Robert_Crovella · April 20, 2017, 9:47pm

What GPU are you running on?

jesryu · April 20, 2017, 10:56pm

GTX 1070
CUDA 8 and cuDNN 6.0

jesryu · April 21, 2017, 1:01am

More information: Same problem on TITAN X (Pascal)

jesryu · April 21, 2017, 4:58pm

Any help would be appreciated. Thanks in advance!

Robert_Crovella · May 1, 2017, 3:14pm

Please file a bug at developer.nvidia.com

The bug should include a full compilable test case, not a snippet, and also include the exact command line you use to compile the code as well as the command line you use to run the code.

Once you have that done, please advise back here of the bug number that the system assigned, and I will take a look.

If you have difficulty filing a bug, then please file an empty bug with just the title/synopsis, and provide the remaining information here in this thread (full compilable test case, compile command line, etc.) and I will update the bug for you.

jesryu · May 3, 2017, 8:02pm

@txbob:

Thank you for your response. The bug number is 1920356.

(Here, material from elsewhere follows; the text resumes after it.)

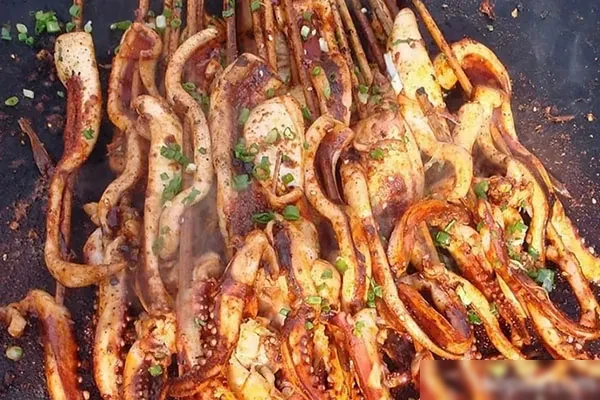 鱿鱼达人学习回来的技术视频教程-香源配方网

You can get code samples from: https://github.com/jesryu/cudnn_conv_int8

This problem can be reproduced on GTX 1070, Titan X (Pascal), and Quadro 6000.

Thank you again for taking a look. Implementing INT8-based layers can dramatically improve the inference performance, and we are really excited about the prospect of experimenting with this new feature. We look forward to hearing from you soon!

Robert_Crovella · May 4, 2017, 5:44am

Thanks for filing the bug. It is being looked at.

jesryu · May 5, 2017, 12:40am

Please be reminded that this is not merely a documentation bug for algorithm names. I tried every algorithm listed in the documentation, but still had the same issue. I hope the sourcecode will give you a clear context of the problem. I provided the working FP32 version to help you nail down the cause of failure on INT8. Please let me know of any questions. I look forward to hearing back from you soon!

Robert_Crovella · May 9, 2017, 3:21pm

Referring to your posted code here:

https://github.com/jesryu/cudnn_conv_int8/blob/master/src/cudnn_conv_int8.cc

some colleagues at NVIDIA looked at this and determined that you are setting your input and output channels incorrectly. The documentation states: (you’ve already quoted this section of the doc in your original comment):

“Input and output features maps must be multiple of 4”

When I change this section of code:

int main() {
  // parameters
  int gpu = 0;
  int iterations = 10000;

  // input dimensions
  size_t width = 960;
  size_t height = 600;
#ifdef FIX
  size_t channels = 4;
#else
  size_t channels = 3;
#endif
  int batch_size = 1;

  // Create layer architecture
#ifdef FIX
  int out_channels = 4;
#else
  int out_channels = 1;
#endif
  int kernel_size = 3;

and compile with -DFIX, then the code runs with no errors on CUDNN v6, CUDA 8.0, Ubuntu 14.04, Titan X (Pascal):

$ g++ -std=c++11 -I../cuda/include -I/usr/local/cuda/include cudnn_conv_int8.cc -o test -L../cuda/lib64 -L/usr/local/cuda/lib64 -lcudnn -lcudart    
$ LD_LIBRARY_PATH=$LD_LIBRARY_PATH:../cuda/lib64 ./test
Begin forwrad pass
CUDNN failure: CUDNN_STATUS_NOT_SUPPORTED
cudnn_conv_int8.cc:233
Aborting...
$ g++ -DFIX -std=c++11 -I../cuda/include -I/usr/local/cuda/include cudnn_conv_int8.cc -o test -L../cuda/lib64 -L/usr/local/cuda/lib64 -lcudnn -lcudart
$ LD_LIBRARY_PATH=$LD_LIBRARY_PATH:../cuda/lib64 ./test
Begin forwrad pass
Iteration time: 1.288046 ms
$

adit_bhrgv · October 9, 2017, 12:55pm

Hello,

I just ran your code for both fp32 and int8 .
The iteration time for forward pass which I get for int8 is more than fp32. Why is it so ?

Does the INT8 convolution here use dp4a ?

I am using Nvidia 1080 TI with INT8 support.

Fp32 :

Begin forward pass
Iteration time: 0.284869ms

Int8 :

Begin forward pass
Iteration time: 1.451339ms

hanumanth.rpa · June 15, 2018, 1:02pm

Hi,

I am also noticing this performance difference between INT8 and FP32. I am using GTX 1060.

Did you find out the reason?

singleroc · March 3, 2020, 1:12am

Hi, any update on the issue? Does anyone verify that the in8 version convolution being faster than the fp32 version in the lastest software?

Or maybe the hardware units for computing int8 and float32 are completely different ones. There are less resources for the int8 and more resources for the float32 computing. Those float processing units are specially designed for half/float/double datatype and can’t handle int8/int32.